A report released this morning by the Illinois Policy Institute outlines yet another reason Illinois should abandon the defined benefit pension system and adopt a 401(k)-style retirement program for government workers: The “cost shift” for teacher retirements is more affordable and predictable under a 401(k)-style system.
This week and next, Illinois lawmakers are discussing who should pay the “employer” share of teachers’ pension costs: local school districts or the state. For decades, the state has picked up this tab even though teachers are hired and employed by local school districts. The Illinois Policy Institute supports ending this practice and requiring local school districts to pay for the retirement costs incurred each year by current employees.
But while lawmakers debate a cost shift for the defined benefit pension system, they should instead be examining how affordable and predictable the cost shift is under a 401(k)-style plan, as proposed in House Bill 3303.
HB 3303 is the pension reform plan developed by the Illinois Policy Institute, which is constitutional, would protect already-earned benefits, and immediately reduces the unfunded liability by about half by moving all future benefits to a 401(k)-style system. This plan is supported by state Sen. Jim Oberweis, and state Reps. Jeanne Ives and Tom Morrison. The core components of the Institute’s plan have been scored by the Commission on Government Forecasting and Accountability.
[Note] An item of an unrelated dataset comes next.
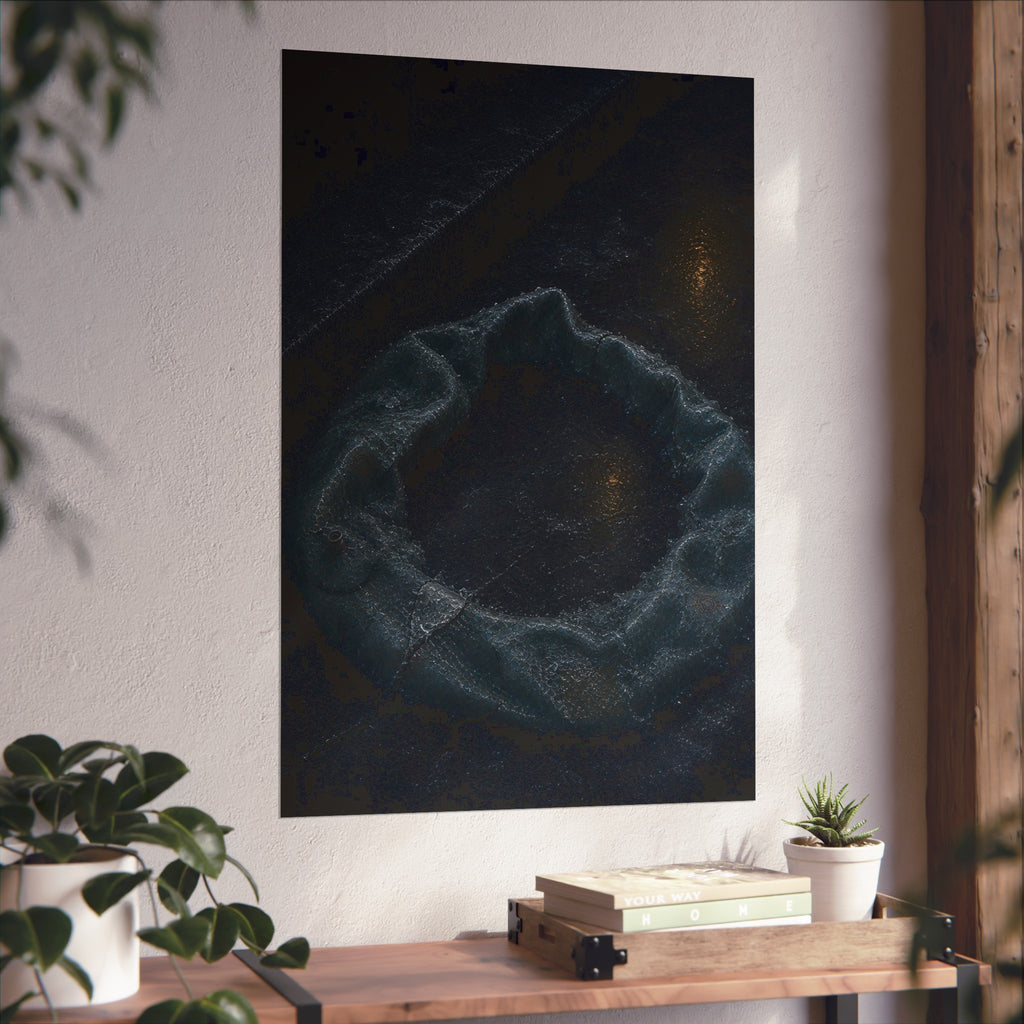 A deflated ring float collapsed on wet pavement under distant amber light. The Freezing of the Smile by Garabaggio, fine art print hanging in a room.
The Institute’s plan would achieve savings of at least $220 billion – more than any other pension proposal on the table.
Under this plan, all retirement benefits earned to date would be banked and protected, and all future benefits would be earned in a 401(k)-style system. Teachers would pay 8 percent of their salary into their retirement savings, and school districts would pay a matching 7 percent. The average cost to school districts would be just 2.9 percent of their total district budget. The report released today by the Institute, “The cost shift: why school districts would benefit from a 401(k)-style retirement plan” contains a grid showing how much the cost shift would be in each downstate and suburban school district in Illinois under HB 3303.
“Illinois’ pension system severely lacks accountability, and the cost shift is a step toward fixing that,” said Ted Dabrowski, vice president of policy at the Illinois Policy Institute. “In implementing the cost shift, lawmakers must ensure that schools have predictability and freedom in their budgeting process. That means moving to a 401(k)-style retirement system, as recommended by the Illinois Policy Institute. But school districts should be weary of cost shift plans that include shifting the unfunded liability to the local level – that should be a non-starter in plans for reform.”